## [Brief]
From the line containing "this 1140×760 image." down to the last line of the data, output each line word for word and include nothing else.

── Given data ──

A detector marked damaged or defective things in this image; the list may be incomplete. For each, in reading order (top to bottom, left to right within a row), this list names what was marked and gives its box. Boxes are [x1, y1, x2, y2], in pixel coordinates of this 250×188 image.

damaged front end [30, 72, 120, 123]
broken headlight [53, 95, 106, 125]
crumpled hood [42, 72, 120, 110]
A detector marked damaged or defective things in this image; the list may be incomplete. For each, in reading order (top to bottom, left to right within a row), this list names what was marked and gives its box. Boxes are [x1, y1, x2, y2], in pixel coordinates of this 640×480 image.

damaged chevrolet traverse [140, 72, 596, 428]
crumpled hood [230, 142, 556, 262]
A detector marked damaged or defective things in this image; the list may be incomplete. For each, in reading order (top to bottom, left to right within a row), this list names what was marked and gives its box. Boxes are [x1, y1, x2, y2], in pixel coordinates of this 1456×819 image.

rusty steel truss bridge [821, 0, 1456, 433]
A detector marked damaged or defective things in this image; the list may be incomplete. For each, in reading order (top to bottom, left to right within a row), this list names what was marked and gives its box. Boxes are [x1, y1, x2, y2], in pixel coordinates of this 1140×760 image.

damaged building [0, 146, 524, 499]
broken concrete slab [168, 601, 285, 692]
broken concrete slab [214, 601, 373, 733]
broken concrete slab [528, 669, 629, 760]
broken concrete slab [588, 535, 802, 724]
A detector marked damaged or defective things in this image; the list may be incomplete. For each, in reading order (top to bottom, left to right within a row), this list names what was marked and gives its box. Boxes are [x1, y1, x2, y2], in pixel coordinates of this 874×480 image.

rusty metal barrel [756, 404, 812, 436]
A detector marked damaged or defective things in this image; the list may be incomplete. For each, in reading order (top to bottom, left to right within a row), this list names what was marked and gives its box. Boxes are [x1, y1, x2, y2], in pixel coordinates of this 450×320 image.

───

## [Answer area]
A detector marked damaged or defective things in this image; the list may be incomplete. For each, in reading order (top to bottom, left to right within a row), this list names what was marked and gives its box. Boxes are [x1, y1, x2, y2], in pixel coordinates of this 1140×760 image.

damaged building [0, 146, 524, 499]
broken concrete slab [168, 601, 285, 692]
broken concrete slab [214, 601, 373, 733]
broken concrete slab [528, 669, 629, 760]
broken concrete slab [588, 535, 802, 724]
A detector marked damaged or defective things in this image; the list may be incomplete. For each, in reading order (top to bottom, left to right within a row), this list names what was marked and gives its box. Boxes are [x1, y1, x2, y2], in pixel coordinates of this 874×480 image.

rusty metal barrel [756, 404, 812, 436]
A detector marked damaged or defective things in this image; the list may be incomplete. For each, in reading order (top to bottom, left to right within a row), this list names what was marked and gives its box. Boxes are [x1, y1, x2, y2], in pixel coordinates of this 450×320 image.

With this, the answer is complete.